A federal appellate panel in New York has rejected news organizations' request to immediately decide whether embedding a tweet in a news article can infringe copyright.

The decision, issued by a three-judge panel of the 2nd Circuit Court of Appeals, means that Time, Gannett and other organizations must continue to face a lawsuit accusing them of infringing copyright by embedding a tweet that contained a photo of New England Patriots quarterback Tom Brady. The appellate judges' short order, issued Tuesday, said only that an immediate appeal was "unwarranted."
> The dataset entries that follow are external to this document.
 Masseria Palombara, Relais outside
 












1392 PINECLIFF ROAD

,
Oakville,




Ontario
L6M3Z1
The high-profile copyright battle, which has drawn the attention of outside media organizations and digital rights groups, centers on a July 2016 photo of Brady taken by photographer Justin Goldman. Goldman uploaded the picture to Snapchat, following which other users posted the photo to Twitter. After the photo appeared on Twitter, news sites -- including those operated by Time, Gannett, Breitbart and Yahoo -- embedded the tweet in articles.

Goldman then sued the news companies for alleged copyright infringement. The publishers asked U.S. District Court Judge Katherine Forrest in New York to dismiss the lawsuit, arguing that they didn't "display" Goldman's photo for purposes of copyright law, because the embedded images were hosted on Twitter's servers.
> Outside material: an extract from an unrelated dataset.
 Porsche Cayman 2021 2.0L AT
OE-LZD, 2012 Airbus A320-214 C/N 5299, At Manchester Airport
Earlier this year, Forrest rejected the publishers' argument, described in court papers as the "server test." She ruled that the location of the server hosting an image doesn't determine whether its display on a news site infringes copyright.

The news organizations then sought to immediately appeal that ruling to the 2nd Circuit Court of Appeals. That request was supported by groups including the News Media Alliance, Association of Magazine Media, Scripps Company, Electronic Frontier Foundation and Public Knowledge, which argued that the ruling was creating "substantial uncertainty" for media organizations and journalists.

Forrest's ruling "was met with widespread consternation because if it is indeed the law, then media organizations, social media platforms and Internet users must now substantially alter the ways in which they display content online," the groups wrote in court papers.

The publishers and their supporters argued that Forrest's ruling went against an 11-year-old decision by the California-based 9th Circuit Court of Appeals. In that matter, which involved a dispute between adult entertainment company Perfect 10 and Google, the court ruled that Google didn't infringe copyright by creating in-line links to outside pages that contained unlicensed photos. Those in-line links allowed users to view the photos without leaving Google, but the images themselves remained on outside companies' servers. The decision in that case hinged on the fact that the infringing images were not stored on Google's servers.

The news publishers could still ultimately prevail in the lawsuit. Forrest noted in the original ruling that the news organizations might be able to argue that they made fair use of the image, and that the photographer may have effectively placed the photo in the public domain by posting it to Snapchat.